▶ [WORK TASK]: Only one stretch of the material below is wanted: everything from the line containing "Akita kutsikad" down to the line containing "Elche (Alces alces", both ends included. Repeat it exactly and skip the pictures.

▶ [GIVEN RECORDS]:
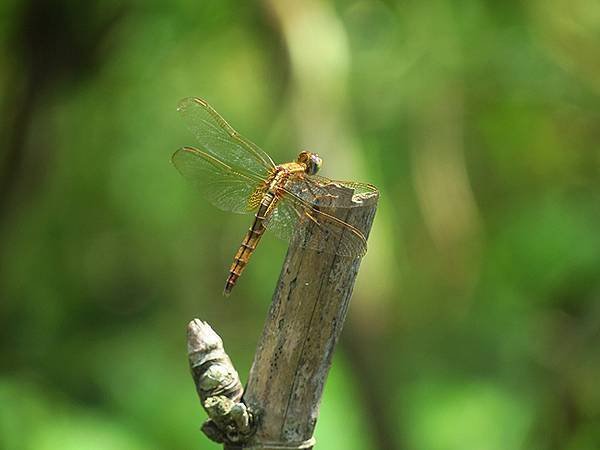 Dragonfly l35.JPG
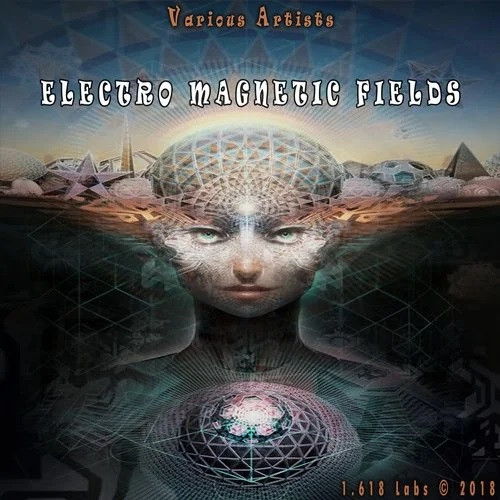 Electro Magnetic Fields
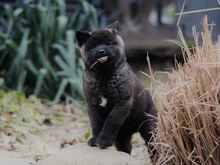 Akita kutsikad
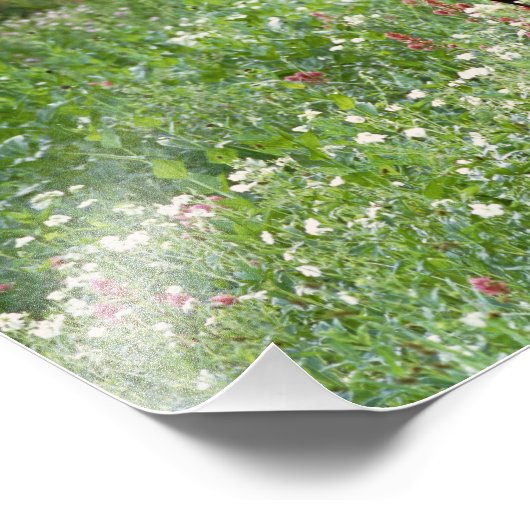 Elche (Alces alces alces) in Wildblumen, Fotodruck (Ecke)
---
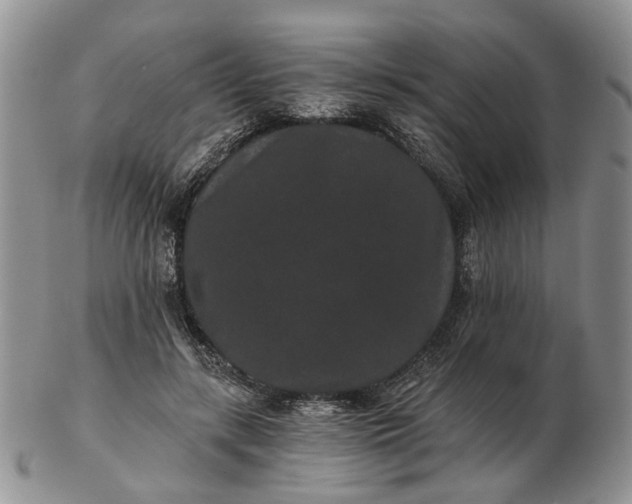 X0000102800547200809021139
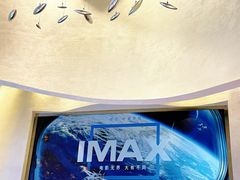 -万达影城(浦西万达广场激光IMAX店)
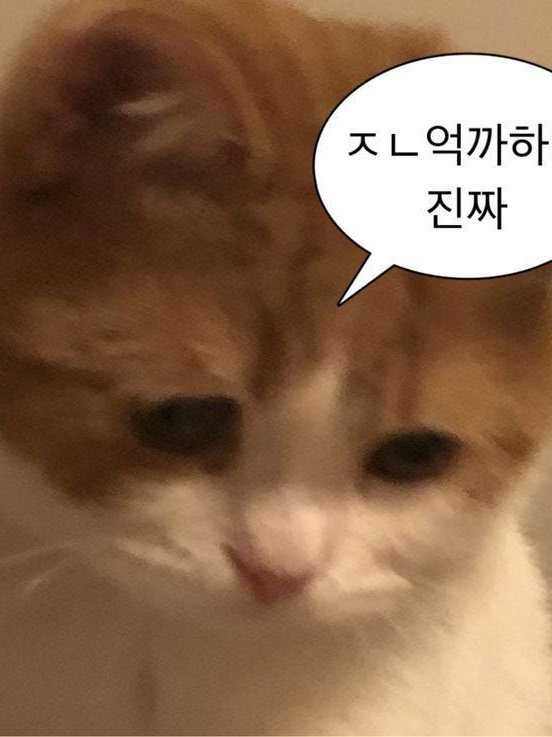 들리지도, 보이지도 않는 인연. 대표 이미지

▶ [WRITTEN ANSWER]:
 Akita kutsikad
 Elche (Alces alces alces) in Wildblumen, Fotodruck (Ecke)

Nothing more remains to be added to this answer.